Apesar do cenário desfavorável, as empresas do setor já investem nesse novo mundo. Aos poucos, o número de livrarias que vendem conteúdo digital aumenta. A primeira a surgir foi a Gato Sabido, inaugurada no fim do ano passado. Depois, foi a vez da Livraria Cultura. Já a Saraiva planejava abrir sua loja de e-books na web até o fim de maio. Outra que tem planos de entrar na disputa é a Fnac, que pretendia iniciar a venda de e-readers neste mês. Esse movimento quase repentino tem uma razão.

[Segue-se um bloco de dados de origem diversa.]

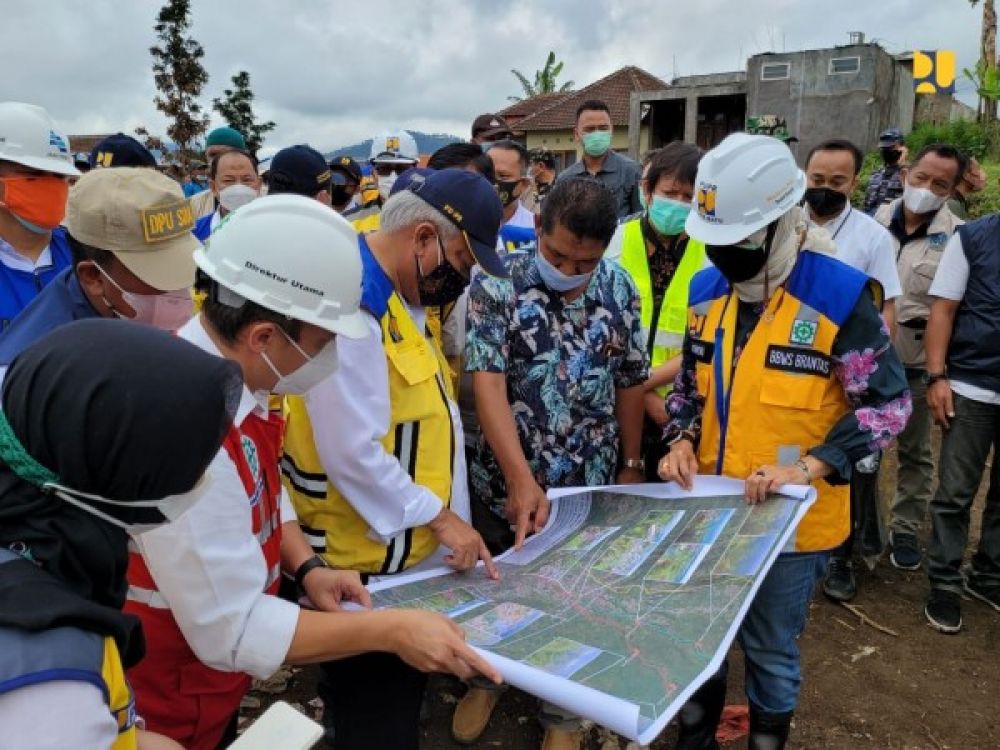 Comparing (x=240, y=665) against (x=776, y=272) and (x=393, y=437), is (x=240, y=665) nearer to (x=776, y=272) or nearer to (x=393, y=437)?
(x=393, y=437)

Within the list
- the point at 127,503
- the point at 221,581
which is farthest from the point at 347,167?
the point at 127,503

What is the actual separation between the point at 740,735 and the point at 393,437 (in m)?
2.04

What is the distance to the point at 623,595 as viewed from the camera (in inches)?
70.5

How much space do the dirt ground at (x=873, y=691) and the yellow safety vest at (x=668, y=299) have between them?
1.54 meters

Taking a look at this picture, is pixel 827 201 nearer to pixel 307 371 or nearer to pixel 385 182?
pixel 307 371

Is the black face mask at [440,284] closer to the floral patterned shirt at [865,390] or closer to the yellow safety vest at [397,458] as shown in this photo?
the yellow safety vest at [397,458]

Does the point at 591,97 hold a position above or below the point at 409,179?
above

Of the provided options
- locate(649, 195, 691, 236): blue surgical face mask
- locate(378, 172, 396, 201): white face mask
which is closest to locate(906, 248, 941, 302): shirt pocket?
locate(649, 195, 691, 236): blue surgical face mask

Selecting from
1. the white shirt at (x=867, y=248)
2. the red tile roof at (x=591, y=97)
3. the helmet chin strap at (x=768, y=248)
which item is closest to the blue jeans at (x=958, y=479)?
the white shirt at (x=867, y=248)

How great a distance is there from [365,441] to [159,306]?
0.76 metres

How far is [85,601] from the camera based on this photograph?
3.16 ft

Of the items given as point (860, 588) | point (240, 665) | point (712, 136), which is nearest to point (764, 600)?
point (240, 665)

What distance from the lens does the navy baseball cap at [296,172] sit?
4.52m

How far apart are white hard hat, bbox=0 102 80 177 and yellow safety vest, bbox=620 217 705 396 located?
250 centimetres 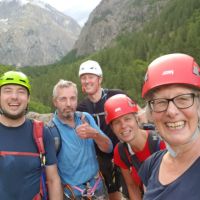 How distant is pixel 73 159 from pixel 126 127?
0.92m

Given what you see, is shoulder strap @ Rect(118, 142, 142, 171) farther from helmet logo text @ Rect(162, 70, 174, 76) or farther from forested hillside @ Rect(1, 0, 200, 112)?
forested hillside @ Rect(1, 0, 200, 112)

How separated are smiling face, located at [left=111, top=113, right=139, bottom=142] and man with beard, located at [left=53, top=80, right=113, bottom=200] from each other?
14.5 inches

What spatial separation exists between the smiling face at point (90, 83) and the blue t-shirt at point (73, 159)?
1223 millimetres

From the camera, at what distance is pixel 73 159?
4.55m

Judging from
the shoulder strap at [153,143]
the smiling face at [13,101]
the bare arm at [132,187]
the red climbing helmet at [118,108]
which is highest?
the smiling face at [13,101]

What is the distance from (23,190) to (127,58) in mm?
85978

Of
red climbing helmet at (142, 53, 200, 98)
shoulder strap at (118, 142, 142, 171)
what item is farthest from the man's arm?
red climbing helmet at (142, 53, 200, 98)

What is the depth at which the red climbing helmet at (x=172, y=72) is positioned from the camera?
2305mm

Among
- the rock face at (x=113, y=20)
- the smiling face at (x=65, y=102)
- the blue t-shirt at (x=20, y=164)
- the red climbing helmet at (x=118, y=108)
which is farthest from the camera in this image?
the rock face at (x=113, y=20)

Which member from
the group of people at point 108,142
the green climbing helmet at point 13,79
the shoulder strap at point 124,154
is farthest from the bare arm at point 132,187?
the green climbing helmet at point 13,79

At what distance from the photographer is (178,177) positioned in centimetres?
212

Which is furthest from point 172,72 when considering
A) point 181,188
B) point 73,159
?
point 73,159

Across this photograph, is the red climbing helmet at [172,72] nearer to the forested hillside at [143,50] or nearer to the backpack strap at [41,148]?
the backpack strap at [41,148]

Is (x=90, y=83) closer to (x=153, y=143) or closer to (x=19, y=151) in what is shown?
(x=153, y=143) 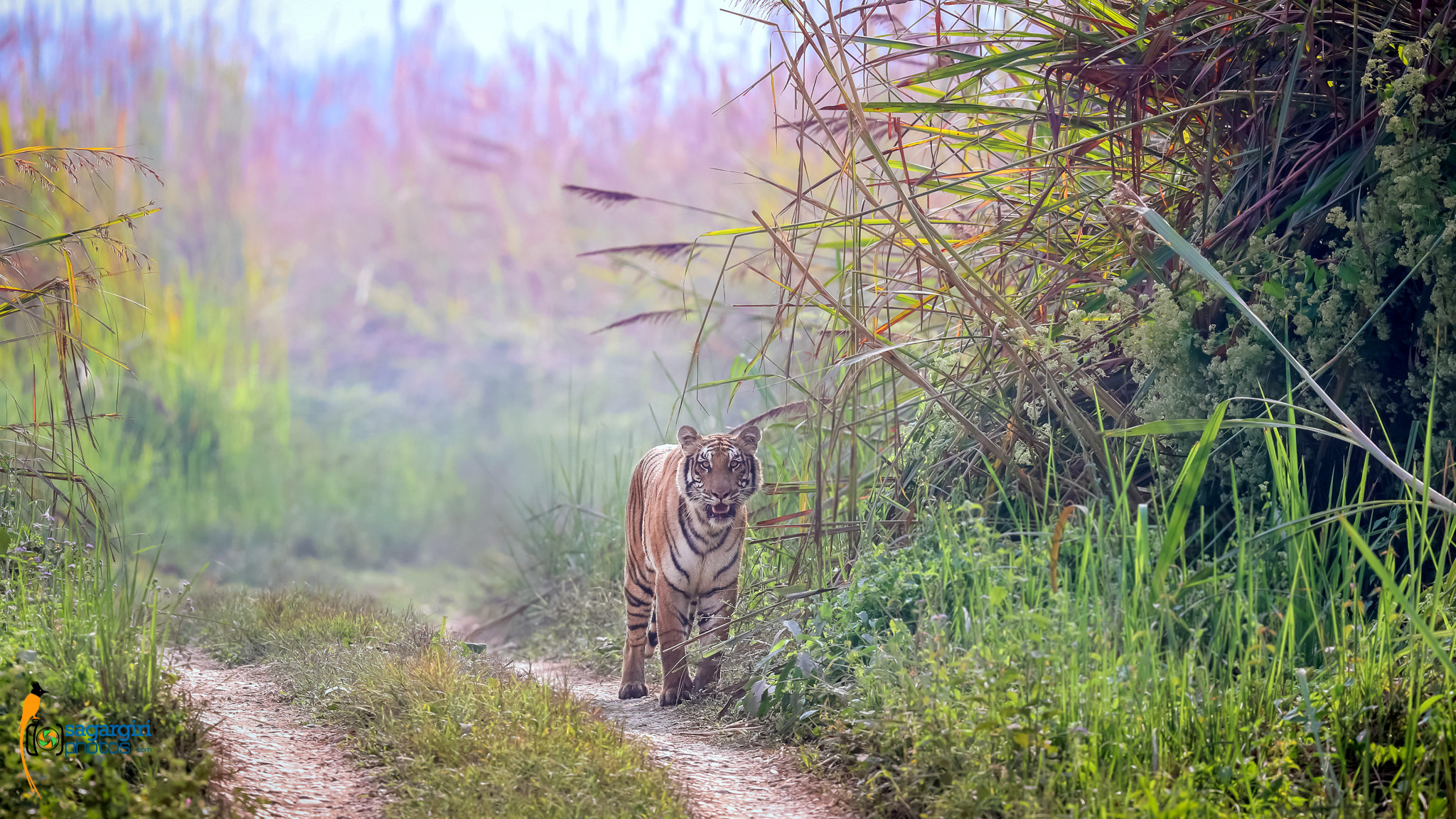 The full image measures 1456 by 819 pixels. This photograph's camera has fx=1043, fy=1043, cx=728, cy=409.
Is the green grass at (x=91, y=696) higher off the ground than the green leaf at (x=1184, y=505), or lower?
lower

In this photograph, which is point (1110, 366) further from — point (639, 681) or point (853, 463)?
point (639, 681)

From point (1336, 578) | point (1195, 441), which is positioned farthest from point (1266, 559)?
point (1195, 441)

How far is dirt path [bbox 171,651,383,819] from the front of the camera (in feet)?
8.45

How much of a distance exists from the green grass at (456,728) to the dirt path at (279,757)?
7cm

Estudos indicam que o mercado de livros digitais vai crescer nos próximos anos, inclusive no Brasil.Um levantamento divulgado em abril pela empresa americana InStat aponta que serão vendidos neste ano 10 milhões de e-readers no planeta, contra 3,9 milhões no ano passado — um crescimento de 156%. A empresa prevê que, em 2013, a quantidade de equipamentos comercializados chegue a 28,5 milhões. “Esses aparelhos estão ganhando mais funções e os preços começaram a cair”, diz Stephanie Ethier, analista-sênior da InStat.

A expansão ocorre em escala global. Em 2009, 83% dos leitores digitais foram vendidos nos Estados Unidos, e apenas 17% em outros países. Em 2013, a parcela correspondente ao resto do planeta deve atingir 45%. Já a venda de tablets como o iPad, da Apple, crescerá de 2,7 milhões de unidades em 2010 para 16 milhões em 2013, prevê a InStat.

Outra análise, feita pela Forrester Research no fim de 2009, chegou a números que também indicam crescimento acelerado. As vendas de e-readers projetadas para o fim do ano nos Estados Unidos devem alcançar 6 milhões de unidades, contra 3 milhões em 2009. A empresa acredita que a chegada de uma nova geração de equipamentos, com telas coloridas e sensíveis ao toque, deve impulsionar o setor. A Forrester também destaca que o lançamento do iPad e de outros tablets aumentará o interesse por e-books.

Hora de experimentar

Entre as editoras brasileiras, a ordem é experimentar. Todas estão de olho no potencial desse mercado, mas preferem agir com cautela. A receita adotada é escolher alguns títulos, convertê-los para o formato digital e acompanhar a reação do consumidor. Um dos principais receios está na possibilidade de a obra ser baixada ilegalmente. “Na Espanha, há uma lei que obriga as editoras a digitalizar as obras. Por causa dela, a pirataria aumentou muito”, afirma Sérgio Herz, diretor de operações da Livraria Cultura. Segundo ele, também sobram dúvidas quanto aos contratos com os autores, o modelo de negócios e o preço. “Hoje, os e-books representam de 1% a 2% do mercado brasileiro”, diz.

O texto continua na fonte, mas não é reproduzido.